Barack Hussein Obama: That Was Not The Barack Obama I Knew
Barack Hussein Obama has decided to distance himself from the Barack Hussein Obama who promised to accept public financing for his presidential campaign.
In an e-mail message, the presumptive Democratic presidential nominee said the decision means that his campaign will forgo more than $80 million in public funds.
In exchange for taking public funds, candidates usually agree to a cap on the amount of money they can spend on their campaigns.
"It's not an easy decision, and especially because I support a robust system of public financing of elections," Obama wrote. "But the public financing of presidential elections as it exists today is broken, and we face opponents who've become masters at gaming this broken system."
Obama repeatedly broke campaign fundraising records during the Democratic primary season. Since January 2007, he has raised more than $272 million.
Sen. John McCain, the presumptive Republican presidential nominee, raised less than half that amount, roughly $100 million, over the same period.

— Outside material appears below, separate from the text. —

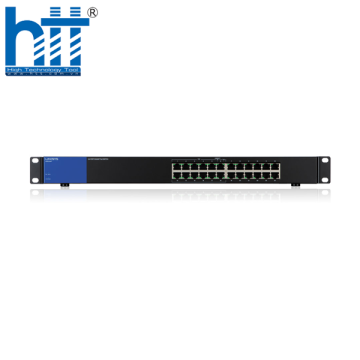 Switch Linksys LGS124 (Gigabit (1000Mbps)/ 24 Cổng/ Vỏ Thép)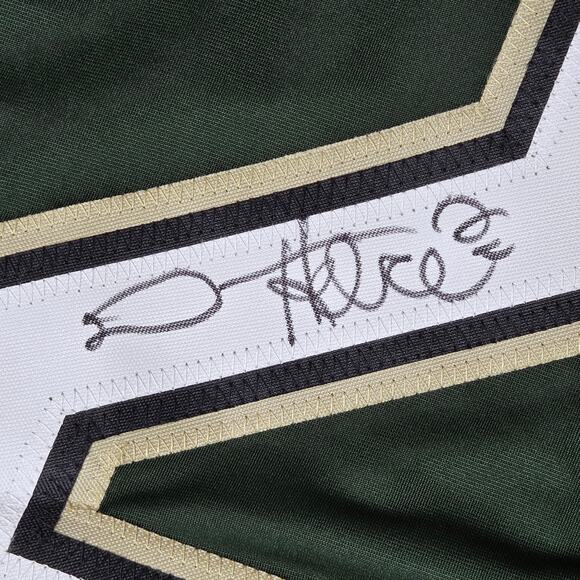 Derian Hatcher Signed Dallas Stars Custom Jersey XL Beckett Witness Autograph - Picture 4 of 12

Obama's advisers argue that the Illinois Democrat has set up a "parallel" public fundraising system by soliciting small donations over the Internet.
Two months ago, McCain criticized Obama for appearing to backtrack from a previous commitment to accept public financing for his presidential campaign.
Steve Schmidt, a senior McCain adviser, called Obama's decision to opt out of public financing "a broken promise of staggering dimensions."
Of course, what's broken about the campaign finance system is that Barack Hussein Obama has shown that he can raise a lot more than $80 million.
Key phrase: His broken promise: “I will aggressively pursue an agreement with the Republican nominee to preserve a publicly financed general election.”